Ce qui ne change pas, en revanche, c'est le rôle de l'expert. Dans tous les cas, il ne doit jamais porter d'appréciation d'ordre juridique ni préjuger. C'est un technicien, pas un homme de loi. Et c'est d'ailleurs sur sa connaissance d'une spécialité qu'il est habilité à porter le titre d'expert judiciaire. Un titre et rien de plus car être expert judiciaire n'est pas un métier. Pour accéder à ce titre, il faut justifier d'une bonne dizaine d'années d'expérience et prouver que l'on ne compte pas vivre de cette activité. Le postulant expert constitue un dossier qui est examiné par le procureur du tribunal de grande instance de son lieu d'activité ou de son domicile.

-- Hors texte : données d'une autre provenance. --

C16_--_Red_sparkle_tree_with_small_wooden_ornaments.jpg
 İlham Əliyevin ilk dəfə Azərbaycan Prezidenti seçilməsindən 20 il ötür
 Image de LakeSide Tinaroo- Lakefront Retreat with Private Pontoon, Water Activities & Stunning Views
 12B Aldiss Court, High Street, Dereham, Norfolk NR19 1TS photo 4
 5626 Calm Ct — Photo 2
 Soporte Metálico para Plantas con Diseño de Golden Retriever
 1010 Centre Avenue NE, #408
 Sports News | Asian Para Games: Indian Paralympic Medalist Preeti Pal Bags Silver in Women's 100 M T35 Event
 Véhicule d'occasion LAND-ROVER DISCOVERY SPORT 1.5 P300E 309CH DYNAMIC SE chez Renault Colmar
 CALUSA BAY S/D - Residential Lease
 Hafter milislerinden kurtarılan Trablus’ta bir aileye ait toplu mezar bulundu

Chaque année, en fonction des besoins, un ou deux experts sont nommés. A raison de deux ou trois expertises judiciaires en moyenne par an et par expert rémunéré sur une base horaire de 500 francs en moyenne, il est évident que cette fonction s'inscrit en complément d'une autre activité professionnelle . « De toute façon, c'est parce que l'on exerce un métier à côté que l'on peut être un expert », insiste Paul Vidonne.

Comment, en effet, pouvoir être compétent dans un domaine sans cesse en évolution si l'on n'est pas sur le terrain ? La plupart des experts judiciaires sont donc des professionnels de l'informatique travaillant dans des entreprises du secteur, ou des professeurs d'université. D'autres concilient expertises judiciaires et expertises privées. A la tête de cabinets de conseil, ils interviennent à la demande des avocats d'une des parties ou sont appelés en mission par les deux parties pour régler à l'amiable les litiges commerciaux. Leurs honoraires sont libres. « C'est un petit monde, reconnaît Paul Vidonne, où le même expert peut se retrouver le lundi expert judiciaire et le mardi expert-conseil. »

D'autres, comme Daniel Duthil, directeur de la revue Expertises, évoquent le risque de connivence, non sans rappeler toutefois l'existence d'un code de déontologie, que tout expert sérieux est censé respecter et dont certains organismes comme la Cnejita se veulent les gardiens. « L'expert doit savoir refuser une mission s'il a un lien avec une ou plusieurs parties », précise Daniel Duthil. Convocation, organisation de réunions, collecte et gestion des pièces, note aux parties et rapport d'expertise, la procédure de l'expertise est longue (4 à 5 mois en moyenne) et chère. « Les litiges entre grandes entreprises ne conduisent pas souvent à des procédures judiciaires, mais se résolvent bien souvent par des méthodes alternatives », constate Daniel Duthil. La médiation et la conciliation constituent de plus en plus un nouveau champ d'activité pour les experts. Loin des tribunaux et de ses batailles.